**Short web captions**
______

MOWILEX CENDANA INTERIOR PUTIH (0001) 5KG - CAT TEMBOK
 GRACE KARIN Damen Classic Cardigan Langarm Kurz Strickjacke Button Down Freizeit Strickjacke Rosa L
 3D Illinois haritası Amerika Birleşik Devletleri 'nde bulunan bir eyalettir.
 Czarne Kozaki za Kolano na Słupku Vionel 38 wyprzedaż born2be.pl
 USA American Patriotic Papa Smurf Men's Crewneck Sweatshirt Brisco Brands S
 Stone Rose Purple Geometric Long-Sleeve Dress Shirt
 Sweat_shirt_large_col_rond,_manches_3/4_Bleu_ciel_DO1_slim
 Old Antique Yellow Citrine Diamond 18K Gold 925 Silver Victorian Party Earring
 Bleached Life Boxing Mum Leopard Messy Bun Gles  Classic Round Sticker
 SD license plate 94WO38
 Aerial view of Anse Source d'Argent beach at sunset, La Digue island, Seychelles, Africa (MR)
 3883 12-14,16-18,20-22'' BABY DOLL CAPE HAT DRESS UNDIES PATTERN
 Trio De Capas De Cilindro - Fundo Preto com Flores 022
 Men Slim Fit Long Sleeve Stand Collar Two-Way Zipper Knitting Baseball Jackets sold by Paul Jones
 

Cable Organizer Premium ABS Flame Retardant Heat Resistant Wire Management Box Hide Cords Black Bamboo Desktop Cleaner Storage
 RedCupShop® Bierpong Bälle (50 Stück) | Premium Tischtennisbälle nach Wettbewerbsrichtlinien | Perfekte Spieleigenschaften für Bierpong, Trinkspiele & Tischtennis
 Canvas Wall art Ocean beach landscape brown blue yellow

______

**Task details**
Every line above that holds the word "Premium" needs to be copied.

**Finished task**
Cable Organizer Premium ABS Flame Retardant Heat Resistant Wire Management Box Hide Cords Black Bamboo Desktop Cleaner Storage
 RedCupShop® Bierpong Bälle (50 Stück) | Premium Tischtennisbälle nach Wettbewerbsrichtlinien | Perfekte Spieleigenschaften für Bierpong, Trinkspiele & Tischtennis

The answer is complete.